Towards a Post-Brexit UK-Caribbean Relationship

By Nand C. Bardouille, Ph.D.

Having not met in five years, the United Kingdom-Caribbean Ministerial Forum (hereafter Ministerial Forum) that met on 18 March 2021 for the tenth time was a meeting of many firsts. It was the first such meeting to take place in the post-Brexit era. And it assumed perhaps its highest profile yet, coming as it did on the heels of the March 16th release of the UK’s much anticipated integrated review of security, defence, development and foreign policy. Speaking of ‘eras’, the Tenth Ministerial Forum was the first one to be held in the COVID-19 era. In the circumstances, it took place virtually.   

Setting the Scene

The Ministerial Forum, a high-level meeting that is to take place biennially, brings together the following: Foreign Ministers of the Caribbean Community (CARICOM) and the Dominican Republic, UK Foreign, Commonwealth & Development Office (FCDO) ministers and representatives from UK overseas territories, among others. As the administrative arm of the Community, the CARICOM Secretariat plays an important backstopping role.

Traditionally, the two sides have leveraged the Ministerial Forum to make steady progress in their partnership, which focuses on shared interests, challenges and values.

UK-Caribbean Relations in a Time of Brexit-induced Change

As an episode of diplomacy between long-standing partners, the Tenth Ministerial Forum stands out as it came just two days after the release of the ‘Integrated Review 2021’ titled Global Britain in a competitive age (hereafter Global Britain). The timing of the release of Global Britain has not gone down well in some quarters, where it is felt the Caribbean side did not have sufficient time to factor Global Britain into its preparations for and negotiations of the Tenth Ministerial Forum’s outcome documents. Others have downplayed such concerns, contending that the timing of the Review’s release did not have any significant impact on the proceedings because UK authorities would already have “telegraphed” positions prior to the Tenth Ministerial Forum. The jointly agreed Forum agenda, a source familiar with the talks suggests, might also have given an indication.

The Ministerial Forum in question ended with a comprehensive agreement on how to move forward on this partnership, asserting fresh impetus. It charted an ambitious roadmap for UK-Caribbean relations, which London- and field-based FCDO and other UK government representatives will work to advance in concert with Caribbean regional and national focal points, along with British territories’ points of contact.

As the COVID-19 crisis continues to take a toll on the wider Caribbean region, the UK’s support of the COVAX initiative is in the spotlight. In addition, Caribbean representatives hailed Britain’s recent multi-million pound contribution to the Caribbean Development Bank’s Special Development Fund. At a time when so many of the world’s most powerful states and biggest economies are hedging on COVID-19-related multilateralism, the British government’s immediate and tangible support in this area is laudable.

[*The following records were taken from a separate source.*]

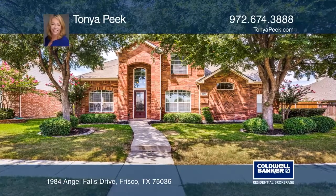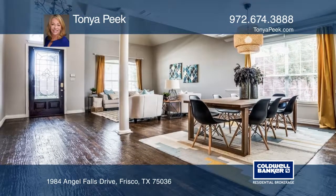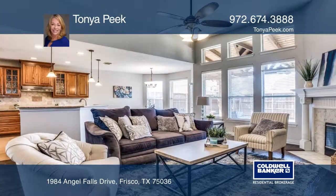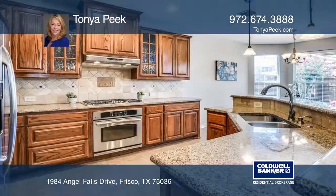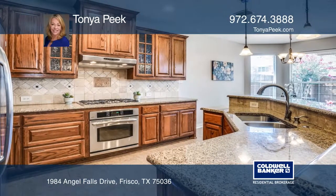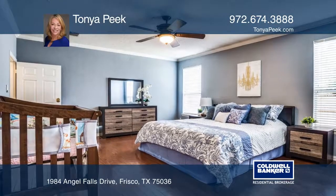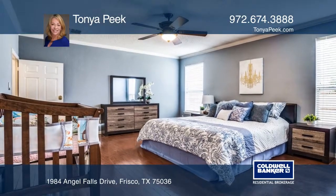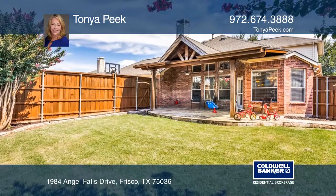This stunning four-bedroom, three-bath home in west Frisco is beautiful inside and out. The home features a spacious living area with a cast stone fireplace and a spectacular kitchen that boasts stainless steel appliances and a breakfast bar. Enjoy the large master suite which features a walk-in closet, and the charming backyard with a flagstone patio.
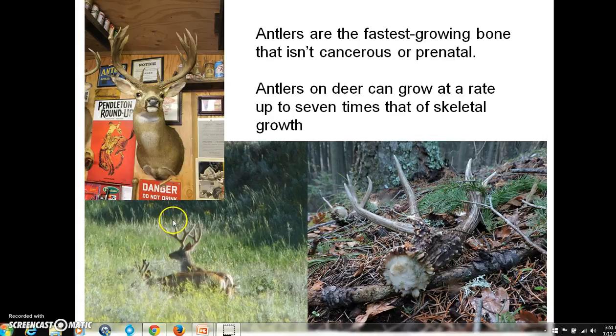Once the rut starts and testosterone levels rise, that velvet hardens and the blood supply dries up. Then the deer will rub off the velvet from its antlers. This natural dark color is gained by rubbing that velvet off and acquiring color from the trees and shrubs that they are polishing their antlers on.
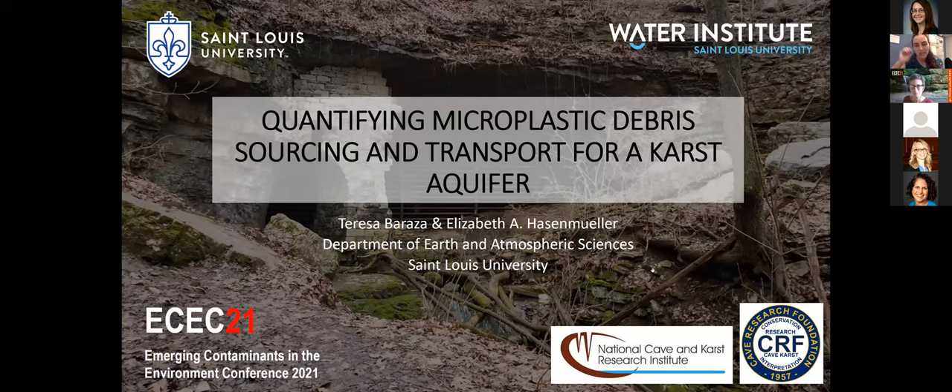Hi, my name is Teresa. I'm a PhD candidate at St. Louis University, and today I'm going to be talking about one of my research projects focused on quantifying microplastic debris sourcing and transport for a karst aquifer. This project was partially funded by the National Cave and Karst Research Institute and the Cave Research Foundation.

As for Global Britain, it focuses on the UK’s global affairs, asserting sovereignty and prestige. In the overall scheme of things, Global Britain offers insights into the UK’s approach to the Caribbean. In recognition of the heterogeneity of nations comprising the Caribbean regional construct per the UK-Caribbean relations frame, as well as national interests, it has been suggested that Global Britain compels reflection on how they “should in future relate to a changing Britain and where their own interests lie”. The issue here is foreign policy-related (re-)alignments, focusing on a range of concerns and opportunities. Another consideration is the increasingly insecure position of the UK Caribbean territories post-Brexit, especially as most of them are associate members of CARICOM.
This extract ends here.